Duterte’s tilt towards Beijing has provoked growing fears in Washington that he is undermining both the US diplomatic offensive and military build-up against China across the region. The Obama administration had clearly been hoping to ratchet up the pressure on China after The Hague decision and is relying on Philippine bases to intensify its military operations in the South China Sea.

More broadly, the US is concerned that any move by its long-time ally and former colony into the camp of China would encourage other strategic partners and allies to follow suit. Andrew Shearer, an adviser at the Washington-based Centre for Strategic and International Studies (CSIS), told the New York Times this week: “If China succeeds in peeling the Philippines away from the United States, it would be a major win in Beijing’s long-term campaign to weaken US alliances in the region. It will feed fears that the right mix of intimidation and inducements could influence other partners to distance themselves from Washington.”

Bonnie Glaser, another CSIS adviser, pointed out that a downgrading of the alliance with the Philippines could damage the US if it was no longer able to fly its military surveillance planes out of Philippine bases. However, in remarks to the Guardian, she pointedly added: “I just don’t think the people in the Philippines are going to support an end to this alliance or a weakening of our cooperation.”

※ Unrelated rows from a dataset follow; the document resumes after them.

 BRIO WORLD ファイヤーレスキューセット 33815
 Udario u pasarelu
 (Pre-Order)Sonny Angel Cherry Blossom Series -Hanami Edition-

The comment, which undoubtedly reflects the closed-door discussions in US military and intelligence circles, is a thinly-veiled threat. Glaser is not referring to the Philippine people in general, but to sections of the military, the state apparatus and corporate elite with close ties to Washington, which are quite capable of engineering Duterte’s removal—through one means or another—if he seriously endangers American interests.